Cloe v3

Just as Cloe v2 was a major enhancement to Cloe v1, Cloe v3 is an enhancement to Cloe v2. The principles of Cloe v3 are the same as Cloe v2, except some findamental bug-fixes and optimisations have been incorporated.

Bugs with Cloe v2

There was only one thing that was horribly wrong - and that was you would not be able to emulate SVC mode instructions, as calling SWIs would cause R14 to become corrupted.

Cloe v3 bug fixes

Rather than using a SWI to emulate instructions, it would be better to use a mode which is not present in 26-bit mode (at least, not present in a useable form in 26-bit mode). The easiest mode to do this with is the Undefined "und" mode.

Rather than calling a SWI, an unused co-processor number is used. Cloe claims the Undefined Instruction hardware vector, and checks to see if the instruction is one of this co-processor's instructions, much in the same way that the floating-point emulator works.

In the example given in the Cloe v2 document, this would mean that all the SWIs would be translated into some co-processor instruction.

Cloe v3 optimisations

  1. For small numbers of instructions, it would make sense to branch to the emulator code, rather than use the undefined instruction trap. Initially, these instructions would be: Inside Cloe, there would be 32 (+32) jump points, each relating to which register <rn> was, so for MOVS pc,lr, this would become B cloe_movs_pc_lr

    This optimisation means that:

    1. No instruction decode needs to occur
    2. No undefined instruction trap needs to occur
    3. The original instruction would not have to be stored in an array somewhere
    This would improve performance quite significantly.

  2. To improve the speed of instruction decode, many instructions could have their salient parts encoded as part of the co-processor instruction. For example, ADDNES r7,r3,pc could be encoded as MCRNE 8,0,4,7,3,0. The values in the MCR instruction are taken from: The 'pc' register is taken as read.
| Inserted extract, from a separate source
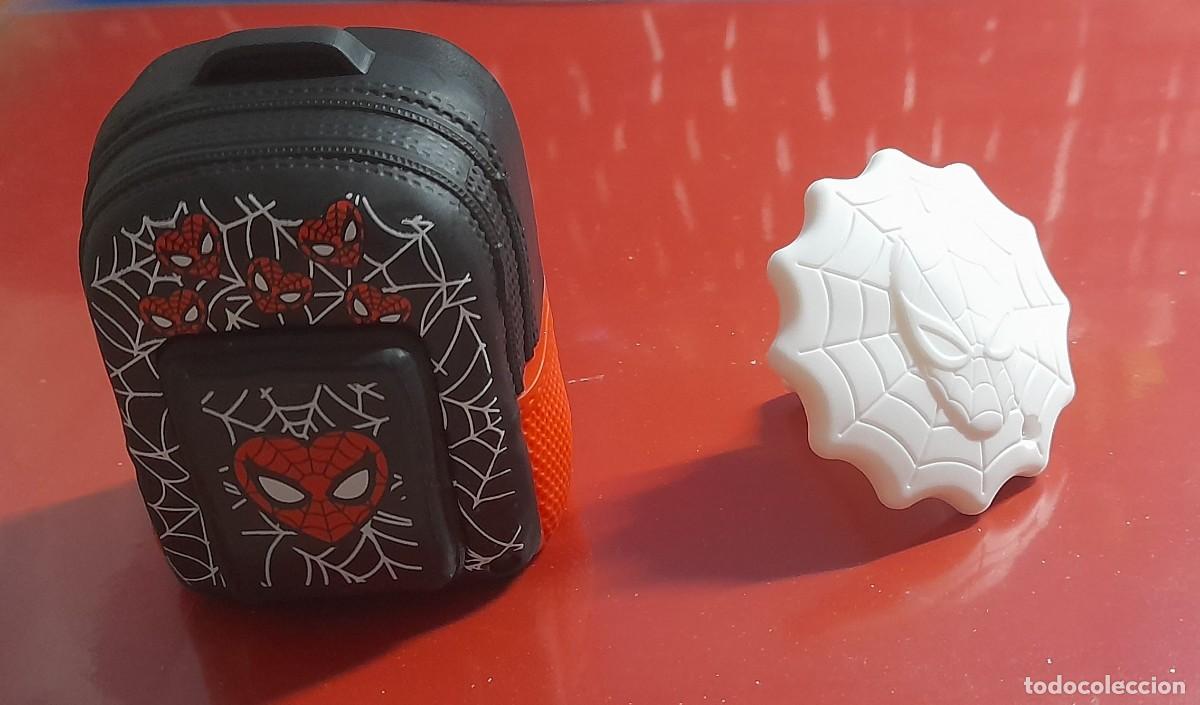 Figuras de goma y PVC: Spider-Man - Un nuevo D&iacute;a - McDonalds (2026)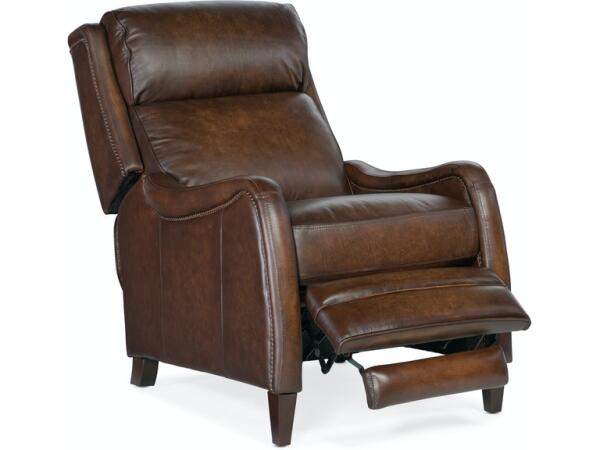 Stark Manual Push Back Recliner Recliners Customizable 9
So, for a generic instruction ALUxx{s} Ra,Rb,pc the following instruction table is used:
      31..28 27..24 23..20 19..16 15..12 11..8 7..4 3..0
    MRC/MCR Condx 1 1 1 0 0 0 0 s Ra ALU 1 0 0 0 0 0 0 1 Rb

    A further optimisation, which would allow for ALUxx{s} Ra,Rb,Rc,<shift;>#<constant> relies on splitting the instruction further:

    <shift> is either LSL (00), LSR (01), ASR (10), ROR (11). For the table below, the first bit is encoded as 'T', and the second as 'U'.

    <constant> is between 0 and 31, and is bit-wise encoded as J, K, L, M and N.

    The new table looks like:

      31..28 27..24 23..20 19..16 15..12 11..8 7..4 3..0
    MRC/MCR Condx 1 1 1 0 N T U s Ra ALU 1 0 0 M L K J 1 Rb

    As you can see, it now uses two co-processors - number 8 and number 9. However, as there are 14 coprocessors that are unused, this should not present a problem.

    For example, the instruction BICGE r4,r3,pc,ASR#13 would become 2_1010 1110 0100 0100 1110 1001 1011 0011, or &AE44E9B3 (when disassembled, this becomes MCRGE CP9,4,R14,C4,C3,5).

    For some LDMFD r13!,{...}, the LDC/STC instructions could be used, and the mapping between the two are:

      31..28 27..24 23..20 19..16 15..12 11..8 7..4 3..0
    LDM/STM Condx 1 0 0 P U S W L Rn Register bit-field
    LDC/STC Condx 1 0 0 P U N W L Rn CRd 1 0 0 0 Offset

    Since APCS normally doesn't store r0-r3 on the stack, bits 0..7 would encode registers 4-11, and bits 12..15 would encode registers 12-15, as they would do in the LDM/STM instruction.

    Another advantage to these optimisations is that the original instruction also does not have to be stored in an array.

  3. To increase the amount of conversion performed in one lump, the following code could be checked for:
      CMP     Rn,#<constant>
      ADDCC   pc,pc,Rn,LSL#2
      B       <some address>
      B       <some otheraddress>
    ; ...
    This kind of code is used when you wish to create a jump table - Rn on entry is the routine number it wishes to call. This is used in SWI decode tables, typically with R11 as Rn. Cloe would add each of the addreses in the table, up to <constant>/2 instructions. Note that this may cause problems if the programmer has some data in the middle of the table, and they are not expecting that particular value to be called...

Speed differences

With these optimisations, four speeds are achievable:

  1. Direct execution speed
  2. No decode speed
  3. Minimal decode speed
  4. Full decode speed
No decode speed would probably, at best (ie. jumping to an address that has already been converted) have a 10:1 degredation in performance (ie. will perform 10 instructions instead of 1). Minimal decode would probably have a 20:1 degredation, and a full decode probably 75:1. Instructions which have to do a convert would add 4 to these values.

Using the same tests as before:

Number of instructions (total): 20391 (100%)
Number of direct execution: 18047 88.5%
Number of no-decode: 716 3.5%
Number of minimal decode: 489 2.4%
Number of full decode: 1139 5.6%

This means that the execution speed would be 89% of the speed of the processor. As this is a 'global' convert (ie. it does not follow branches etc), then the actual figure would be higher - possibly around 92%. This is because a global convert also converts all the strings in the program, and all the data.

In order to get proper results, the convertor would have to be improved, and actually follow code - also the emulator would also have to be written, which would show the actual degredation in performance.


CLOE is © Jason Tribbeck 1998.